Accretionary Wedge - Impacts of Accretionary Wedges

Impacts of Accretionary Wedges

The small sections of oceanic crust that are thrust over the overriding plate and are said to be obducted. Where this occurs, rare slices of ocean crust, known as ophiolites, are preserved on land. They provide a valuable natural laboratory for studying the composition and character of the oceanic crust and the mechanisms of their emplacement and preservation on land. A classic example is the Coast Range ophiolite of California, which is one of the most extensive ophiolite terranes in North America. This oceanic crust likely formed during the middle Jurassic Period, roughly 170 million years ago, in an extensional regime within either a back-arc or a forearc basin. It was later accreted to the continental margin of Laurasia.

Longitudinal sedimentary tapering of pre-orogenic sediments correlates strongly with curvature of the submarine frontal accretionary belt in the South China Sea margin, suggesting that pre-orogenic sediment thickness is the major control on the geometry of frontal structures. The preexisting South China Sea slope that lies obliquely in front of the advancing accretionary wedge has impeded the advancing of frontal folds resulting in a successive termination of folds against and along strike of the South China Sea slope. The existence of the South China Sea slope also leads the strike of impinging folds with NNW-trend to turn more sharply to a NE-strike, parallel to strike of the South China Sea slope. Analysis shows that the pre-orogenic mechanical/crustal heterogeneities and seafloor morphology exert strong controls on the thrust-belt development in the incipient Taiwan arc-continent collision zone.

In accretionary wedges, seismicity activating superimposed thrusts may drive methane and oil upraising from the upper crust.

Mechanical models that treat accretionary complexes as critically tapered wedges of sediment demonstrate that pore pressure controls their taper angle by modifying basal and internal shear strength. Results from some studies show that pore pressure in accretionary wedges can be viewed as a dynamically maintained response to factors which drive pore pressure (source terms) and those that limit flow (permeability and drainage path length). Sediment permeability and incoming sediment thickness are the most important factors, whereas fault permeability and the partitioning of sediment have a small effect. In one such study, it was found that as sediment permeability is increased, pore pressure decreases from near-lithostatic to hydrostatic values and allows stable taper angles to increase from ∼2.5° to 8°–12.5°. With increased sediment thickness (from 100 to 8000 m), increased pore pressure drives a decrease in stable taper angle from 8.4°–12.5° to <2.5–5°. In general, low-permeability and thick incoming sediment sustain high pore pressures consistent with shallowly tapered geometry, whereas high-permeability and thin incoming sediment should result in steep geometry. Active margins characterized by a significant proportion of fine-grained sediment within the incoming section, such as northern Antilles and eastern Nankai, exhibit thin taper angles, whereas those characterized by a higher proportion of sandy turbidites, such as Cascadia, Chile, and Mexico, have steep taper angles. Observations from active margins also indicate a strong trend of decreasing taper angle (from >15° to <4°) with increased sediment thickness (from <1 to 7 km).

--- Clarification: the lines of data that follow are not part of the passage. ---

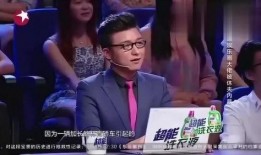 娱乐圈大佬爆料是谁啊,揭秘神秘人物身份大揭秘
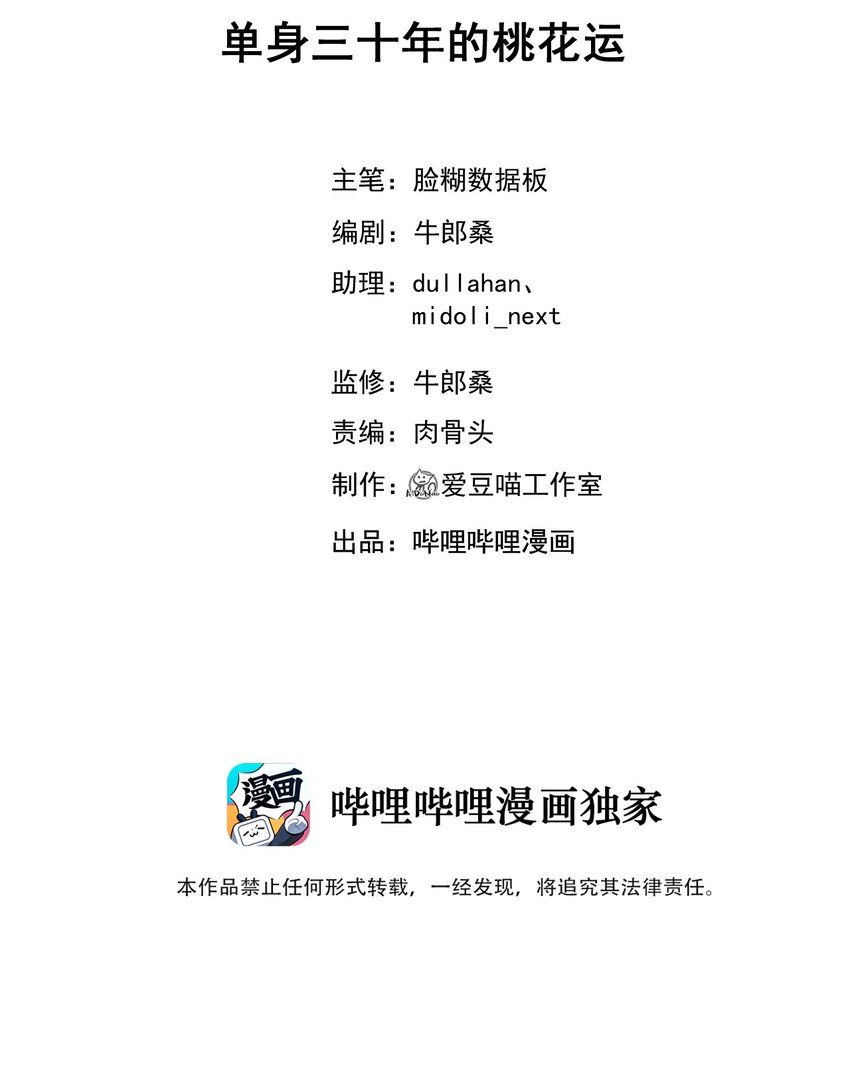 025 单身三十年的桃花运(1/2)-第27话
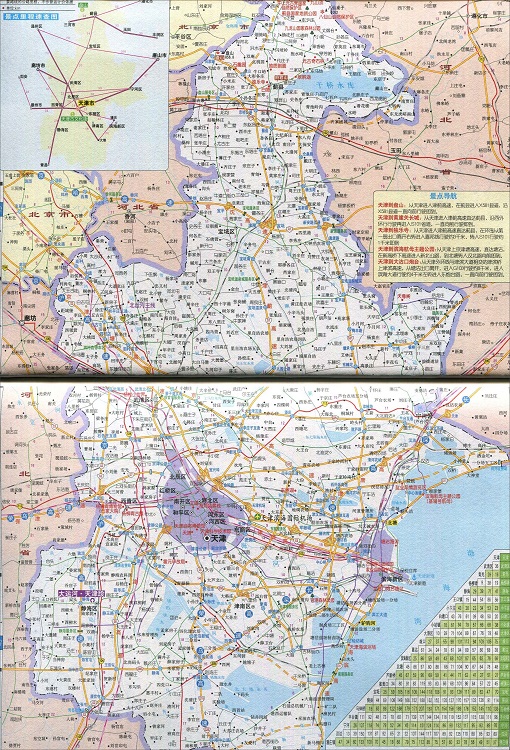 天津旅游地图高清版大图免费版(2)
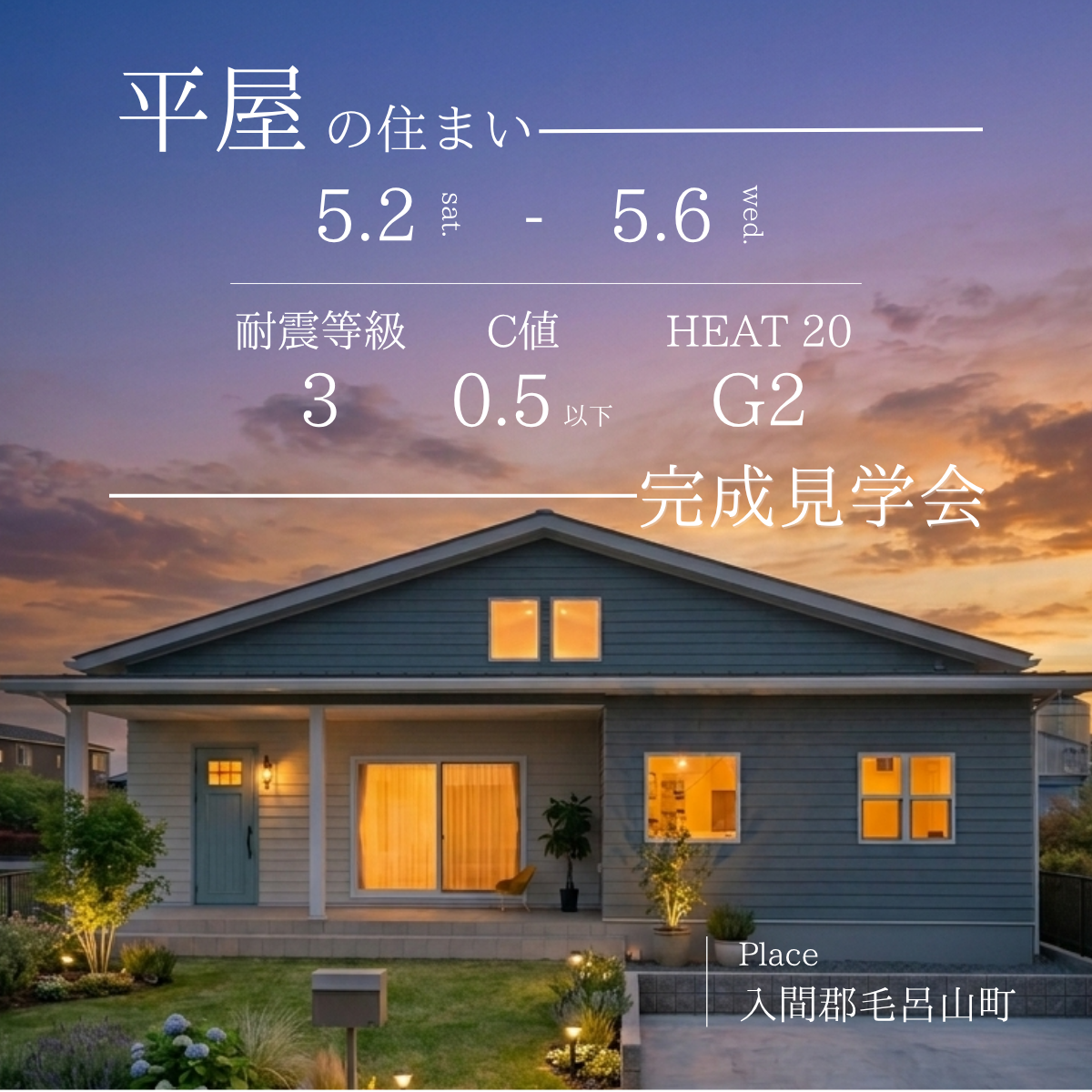 将来を見据えた資産価値の高い平屋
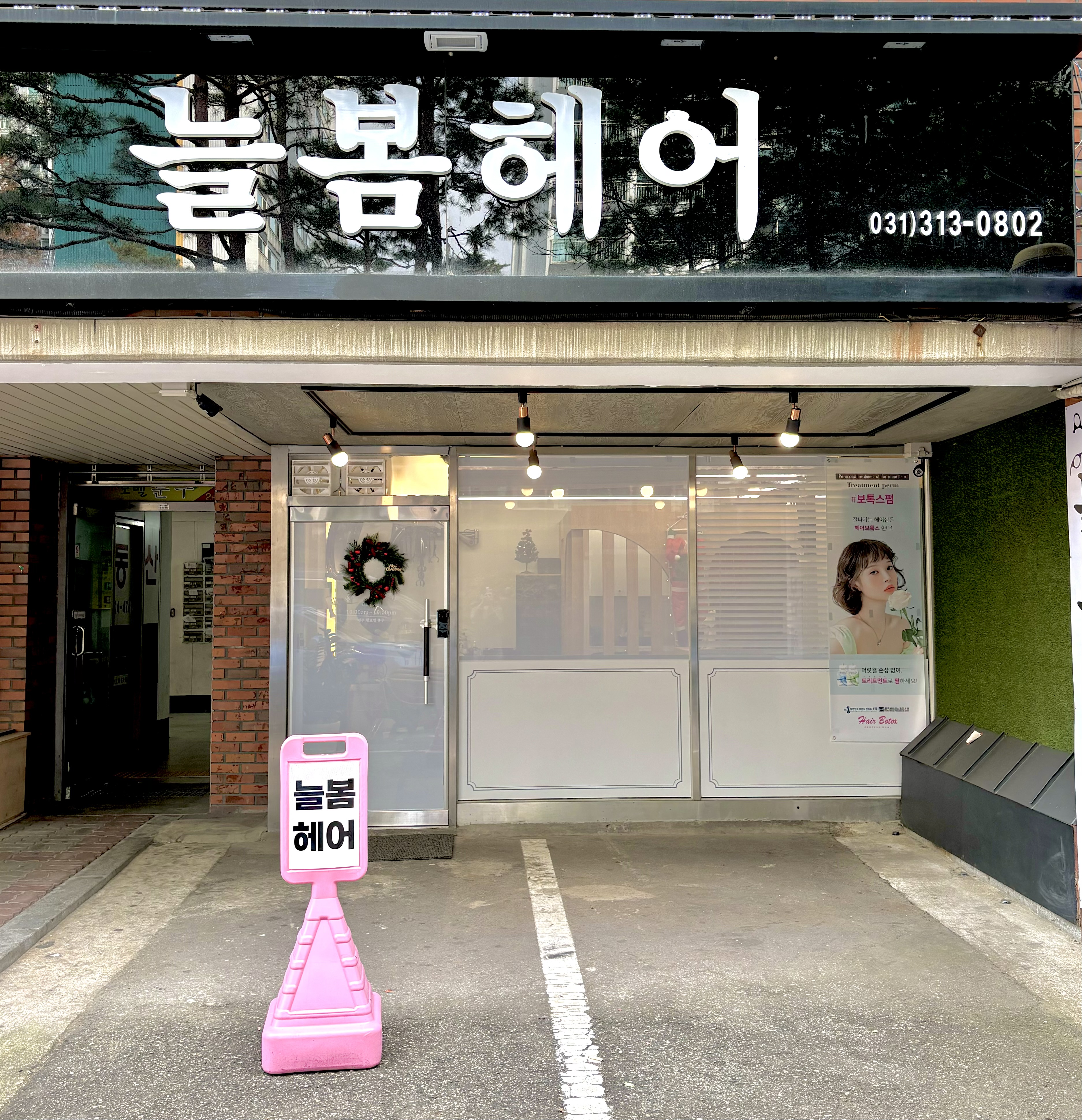 늘봄헤어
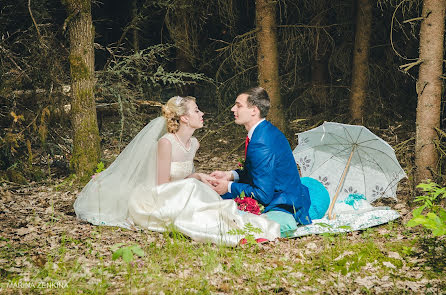 Fotógrafo de casamento Marina Zenkina (marinazenkina). Foto de 13 de março 2016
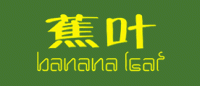 蕉叶品牌logo
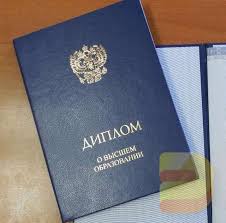 Купить диплом строительного направления решение для вашего будущего Купить диплом строительного направления решение для вашего будущего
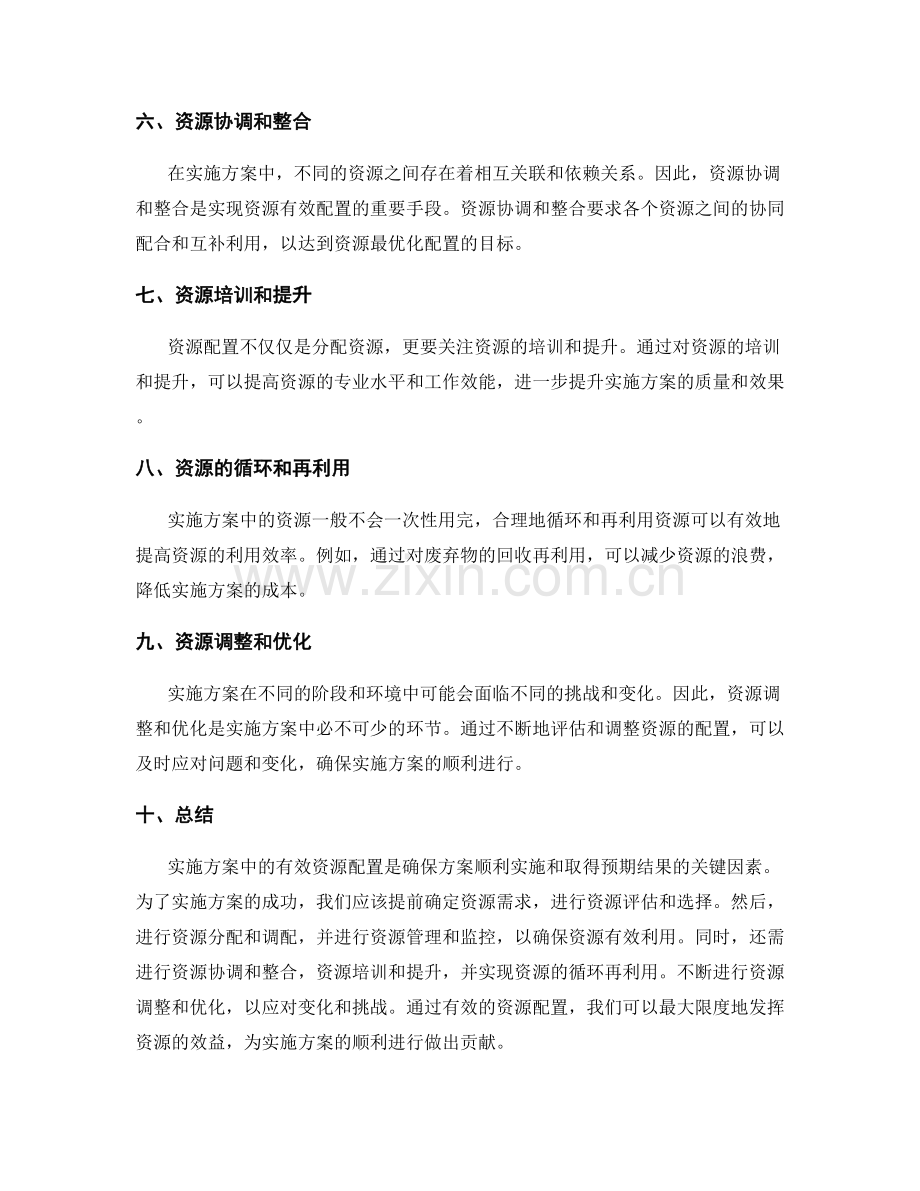 实施方案中的有效资源配置.docx_第2页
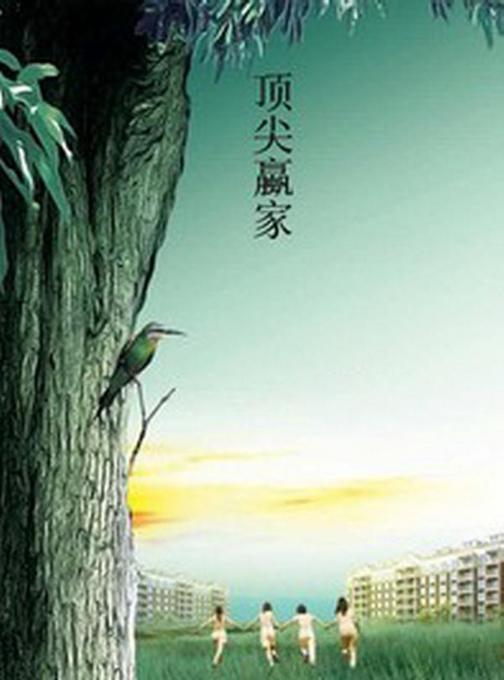 蠃家
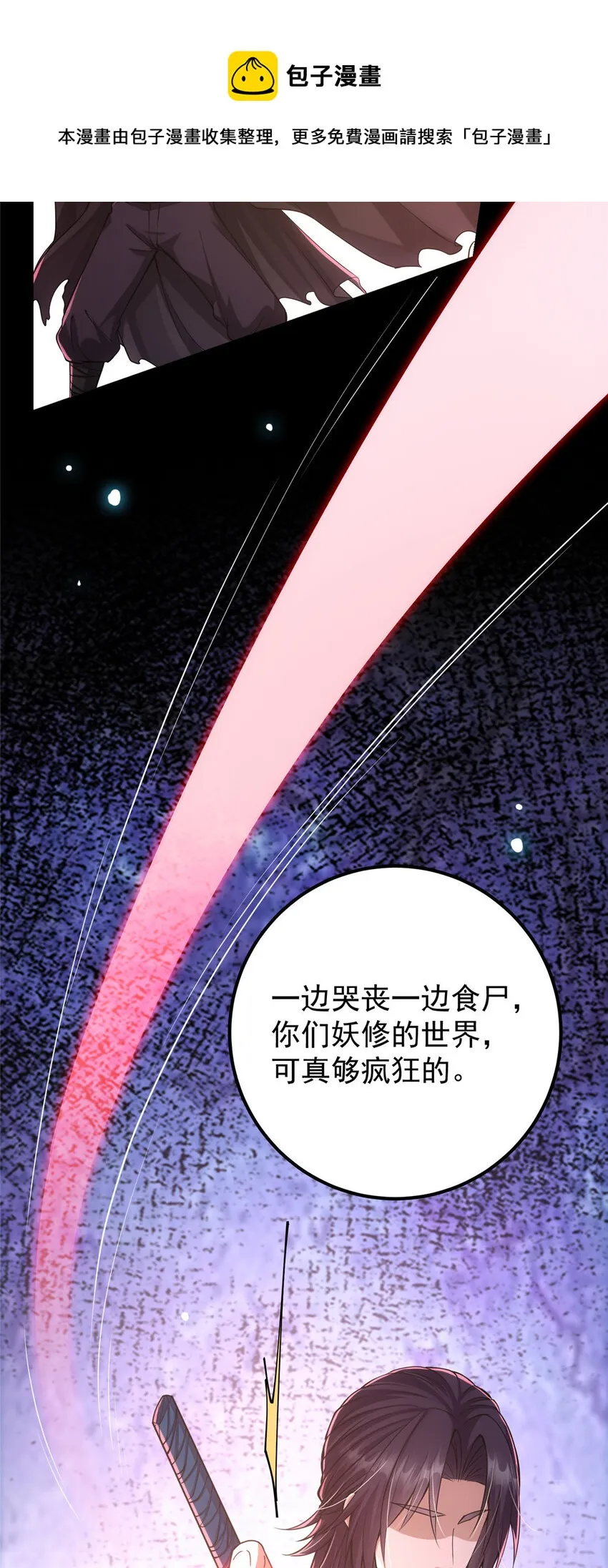 042 你们都没有以后 第17页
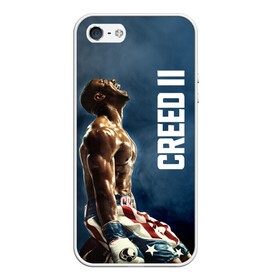 Чехол для iPhone 5/5S матовый с принтом Creed 2 в Новосибирске, Силикон | Область печати: задняя сторона чехла, без боковых панелей | creed | jordan | lundgren | stallone | бальбоа | бокс | джордан | крид | лундгрен | ринг | рокки | сильвестр | сталлоне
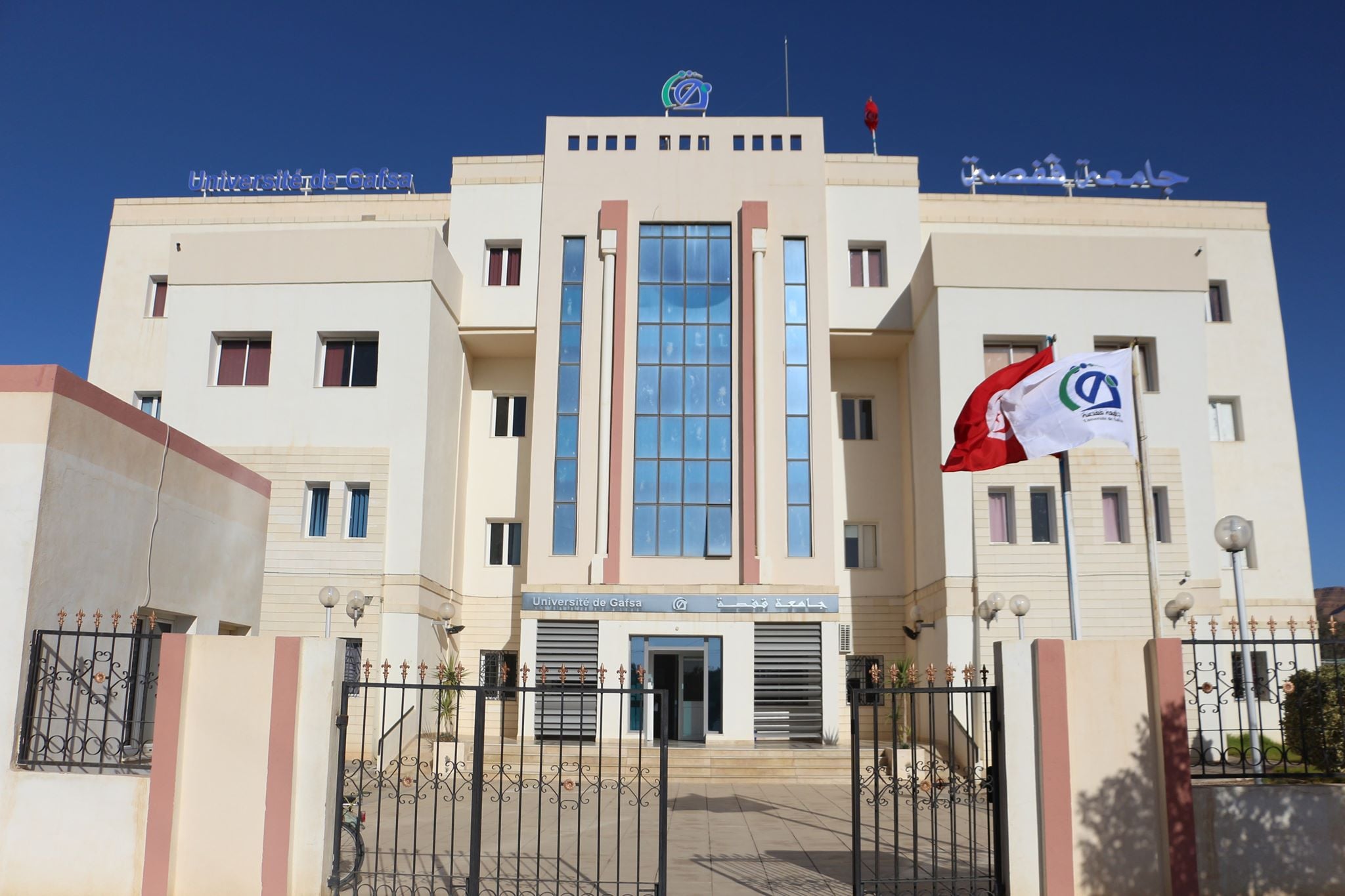 جامعة قفصة: تهيئة البنية التحتيّة وتعزيز الموارد البشرية للمؤسسات الجامعية الراجعة لها بالنظر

Rapid tectonic loading of wet sediment in accretionary wedges is likely to cause the fluid pressure to rise until it is sufficient to cause dilatant fracturing. Dewatering of sediment that has been underthrust and accreted beneath the wedge can produce a large steady supply of such highly overpressured fluid. Dilatant fracturing will create escape routes, so the fluid pressure is likely to be buffered at the value required for the transition between shear and oblique tensile (dilatant) fracture, which is slightly in excess of the load pressure if the maximum compression is nearly horizontal. This in turn buffers the strength of the wedge at the cohesive strength, which is not pressure‐dependent, and will not vary greatly throughout the wedge. Near the wedge front the strength is likely to be that of the cohesion on existing thrust faults in the wedge. The shear resistance on the base of the wedge will also be fairly constant and related to the cohesive strength of the weak sediment layer that acts as the basal detachment. These assumptions allow the application of a simple plastic continuum model, which successfully predicts the observed gently convex taper of accretionary wedges.

Pelayo and Weins have postulated that some tsunami events have resulted from rupture through the sedimentary rock along the basal decollement of an accretionary wedge.

Backthrusting of the rear of the accretionary wedge, arcward over the rocks of the forearc basin, is a common aspect of accretionary tectonics. An older assumption that backstops of accretionary wedges dip back toward the arc, and that accreted material is emplaced below such backstops, is contradicted by observations from many active forearcs that indicate (1) backthrusting is common, (2) forearc basins are nearly ubiquitous associates of accretionary wedges, and (3) forearc basement, where imaged, appears to diverge from the sedimentary package, dipping under the wedge while the overlying sediments are often lifted up against it. Backthrusting may be favored where relief is high between the crest of the wedge and the surface of the forearc basin because the relief must be supported by shear stress along the backthrust.